> _Activity_
Your task is to repeat the records exactly from the line containing "Vintage Modern Mid-Century Folding Table" onward, through the final line.

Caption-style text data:
* * *

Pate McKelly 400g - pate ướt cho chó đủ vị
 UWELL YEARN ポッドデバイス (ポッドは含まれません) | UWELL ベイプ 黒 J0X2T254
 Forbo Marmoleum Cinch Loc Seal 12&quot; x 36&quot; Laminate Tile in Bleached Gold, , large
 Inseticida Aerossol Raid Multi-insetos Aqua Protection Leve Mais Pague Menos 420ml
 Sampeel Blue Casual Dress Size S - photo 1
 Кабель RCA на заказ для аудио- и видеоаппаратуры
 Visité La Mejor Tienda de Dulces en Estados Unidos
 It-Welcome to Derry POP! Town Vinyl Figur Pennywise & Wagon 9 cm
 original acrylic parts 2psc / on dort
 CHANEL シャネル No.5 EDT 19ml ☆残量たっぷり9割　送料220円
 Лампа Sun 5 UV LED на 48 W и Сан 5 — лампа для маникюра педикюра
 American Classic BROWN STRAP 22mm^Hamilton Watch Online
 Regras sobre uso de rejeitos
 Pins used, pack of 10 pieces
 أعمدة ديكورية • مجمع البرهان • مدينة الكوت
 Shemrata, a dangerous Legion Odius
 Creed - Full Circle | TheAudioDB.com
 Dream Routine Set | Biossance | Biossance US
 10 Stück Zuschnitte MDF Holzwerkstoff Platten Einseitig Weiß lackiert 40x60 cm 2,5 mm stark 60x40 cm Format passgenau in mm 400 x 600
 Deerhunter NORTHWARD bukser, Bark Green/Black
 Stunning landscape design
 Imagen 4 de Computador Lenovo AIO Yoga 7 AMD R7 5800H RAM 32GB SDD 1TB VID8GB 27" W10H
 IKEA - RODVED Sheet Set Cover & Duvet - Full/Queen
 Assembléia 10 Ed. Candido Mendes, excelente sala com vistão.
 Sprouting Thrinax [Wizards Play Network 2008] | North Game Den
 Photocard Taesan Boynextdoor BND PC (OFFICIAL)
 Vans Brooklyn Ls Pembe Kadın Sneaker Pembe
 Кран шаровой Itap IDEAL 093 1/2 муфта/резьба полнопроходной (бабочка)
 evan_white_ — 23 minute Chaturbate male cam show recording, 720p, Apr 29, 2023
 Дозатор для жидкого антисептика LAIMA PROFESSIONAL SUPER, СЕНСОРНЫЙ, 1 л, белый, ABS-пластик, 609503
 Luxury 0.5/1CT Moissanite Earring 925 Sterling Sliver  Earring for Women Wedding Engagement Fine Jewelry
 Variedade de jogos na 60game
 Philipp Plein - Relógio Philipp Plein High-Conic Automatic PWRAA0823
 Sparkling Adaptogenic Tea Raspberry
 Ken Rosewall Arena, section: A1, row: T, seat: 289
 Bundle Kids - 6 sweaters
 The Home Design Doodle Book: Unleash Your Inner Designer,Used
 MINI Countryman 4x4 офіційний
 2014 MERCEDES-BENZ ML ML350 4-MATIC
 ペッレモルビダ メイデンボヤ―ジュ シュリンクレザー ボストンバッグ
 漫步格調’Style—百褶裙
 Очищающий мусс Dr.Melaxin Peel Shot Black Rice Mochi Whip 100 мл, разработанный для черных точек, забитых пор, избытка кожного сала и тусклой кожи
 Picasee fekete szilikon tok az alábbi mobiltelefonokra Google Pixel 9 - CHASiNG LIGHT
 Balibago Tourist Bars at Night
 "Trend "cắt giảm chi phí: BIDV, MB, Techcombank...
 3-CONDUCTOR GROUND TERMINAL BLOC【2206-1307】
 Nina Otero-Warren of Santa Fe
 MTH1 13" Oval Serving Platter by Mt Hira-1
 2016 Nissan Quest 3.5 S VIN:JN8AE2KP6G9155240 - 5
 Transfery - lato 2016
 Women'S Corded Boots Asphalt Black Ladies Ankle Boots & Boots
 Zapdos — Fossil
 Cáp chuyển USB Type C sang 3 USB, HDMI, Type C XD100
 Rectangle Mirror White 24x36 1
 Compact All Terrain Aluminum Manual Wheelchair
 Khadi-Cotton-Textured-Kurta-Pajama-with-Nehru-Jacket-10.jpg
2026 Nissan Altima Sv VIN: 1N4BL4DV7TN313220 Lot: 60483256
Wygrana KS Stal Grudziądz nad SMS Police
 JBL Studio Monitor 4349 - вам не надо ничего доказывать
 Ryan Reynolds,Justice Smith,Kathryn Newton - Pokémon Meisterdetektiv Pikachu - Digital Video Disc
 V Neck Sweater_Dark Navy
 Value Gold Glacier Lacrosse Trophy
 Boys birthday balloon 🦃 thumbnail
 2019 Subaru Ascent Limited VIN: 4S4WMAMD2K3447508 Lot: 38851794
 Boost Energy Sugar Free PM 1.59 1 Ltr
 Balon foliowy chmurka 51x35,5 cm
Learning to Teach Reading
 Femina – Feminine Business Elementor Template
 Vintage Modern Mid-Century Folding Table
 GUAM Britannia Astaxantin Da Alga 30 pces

* * *

> _Your response_
 Vintage Modern Mid-Century Folding Table
 GUAM Britannia Astaxantin Da Alga 30 pces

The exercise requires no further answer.